─── Supplied information ───
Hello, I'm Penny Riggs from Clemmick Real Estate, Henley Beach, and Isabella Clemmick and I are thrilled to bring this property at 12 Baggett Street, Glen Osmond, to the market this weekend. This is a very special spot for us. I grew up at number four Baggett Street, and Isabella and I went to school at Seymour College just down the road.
───
─── Supplied information ───
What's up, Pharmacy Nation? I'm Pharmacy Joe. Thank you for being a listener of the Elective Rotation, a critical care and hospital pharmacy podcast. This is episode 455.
───
─── Supplied information ───
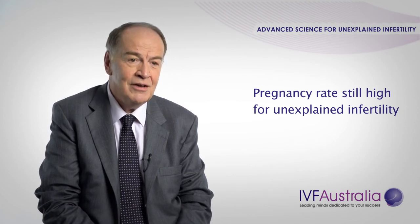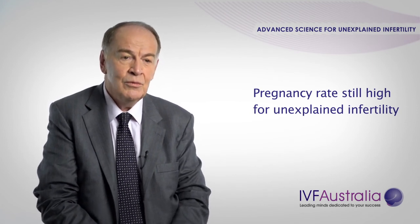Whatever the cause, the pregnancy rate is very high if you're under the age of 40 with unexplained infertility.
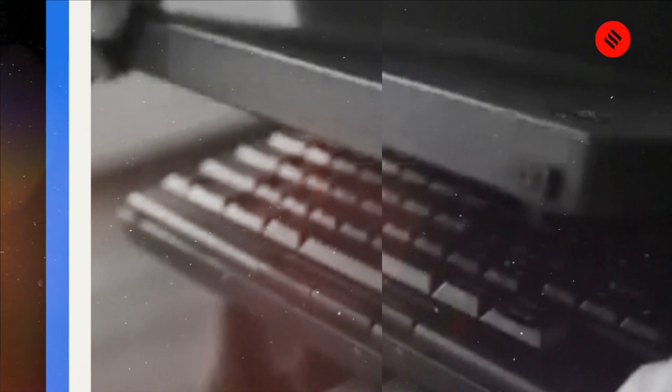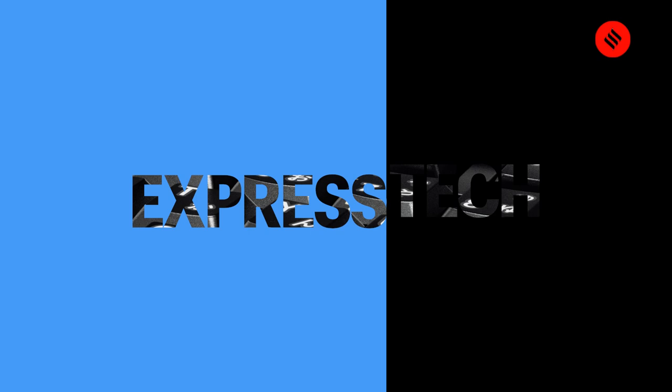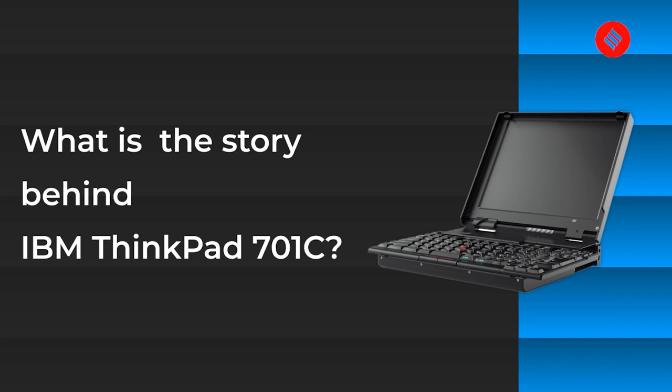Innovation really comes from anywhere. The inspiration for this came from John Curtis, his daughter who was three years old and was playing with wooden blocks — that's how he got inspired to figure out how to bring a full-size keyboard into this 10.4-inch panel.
───
== Problem details ==
Return word for word the lines of the listing above, starting at the line with "Whatever the cause, the" and ending at the line with "Innovation really comes", both included. Pictures do not belong in the copy.

== Exercise result ==
Whatever the cause, the pregnancy rate is very high if you're under the age of 40 with unexplained infertility.
Innovation really comes from anywhere. The inspiration for this came from John Curtis, his daughter who was three years old and was playing with wooden blocks — that's how he got inspired to figure out how to bring a full-size keyboard into this 10.4-inch panel.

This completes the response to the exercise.